*** Collected material ***
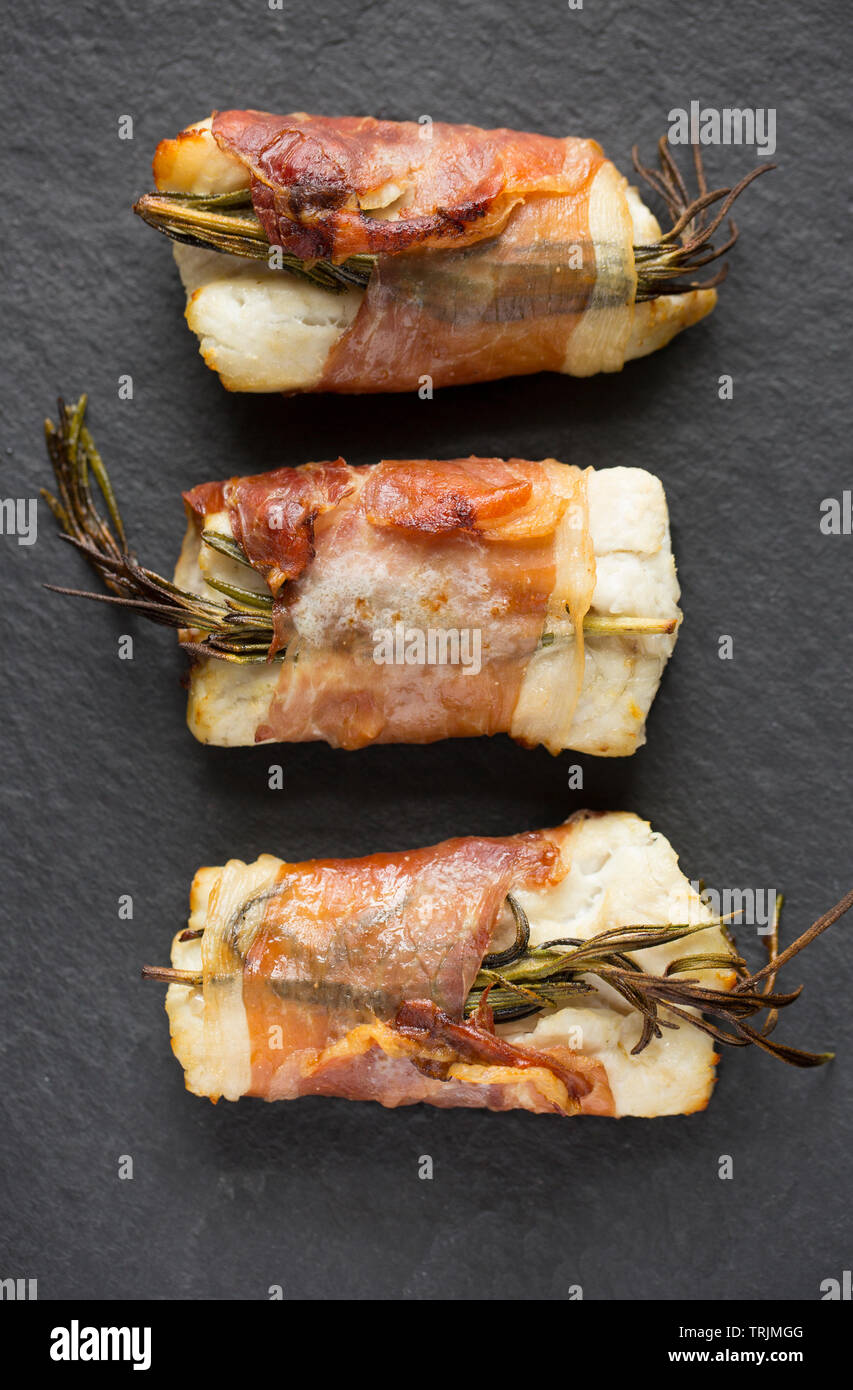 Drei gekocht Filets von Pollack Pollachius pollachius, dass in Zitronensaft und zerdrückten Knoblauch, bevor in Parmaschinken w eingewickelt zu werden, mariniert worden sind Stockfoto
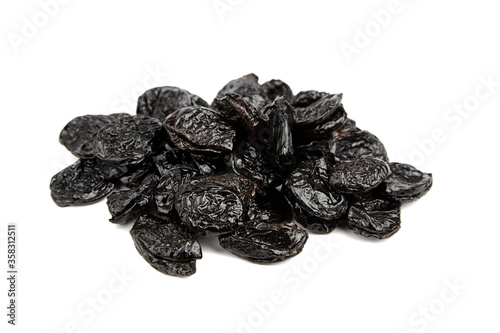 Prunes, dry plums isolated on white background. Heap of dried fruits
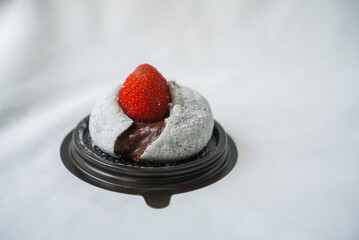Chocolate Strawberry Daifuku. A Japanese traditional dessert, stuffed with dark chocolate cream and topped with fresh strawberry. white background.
*** End of Collected material ***
→ Work instruction:
Copy out the data above exactly, except the pictures.

→ Problem solution:
 Drei gekocht Filets von Pollack Pollachius pollachius, dass in Zitronensaft und zerdrückten Knoblauch, bevor in Parmaschinken w eingewickelt zu werden, mariniert worden sind Stockfoto
 Prunes, dry plums isolated on white background. Heap of dried fruits
Chocolate Strawberry Daifuku. A Japanese traditional dessert, stuffed with dark chocolate cream and topped with fresh strawberry. white background.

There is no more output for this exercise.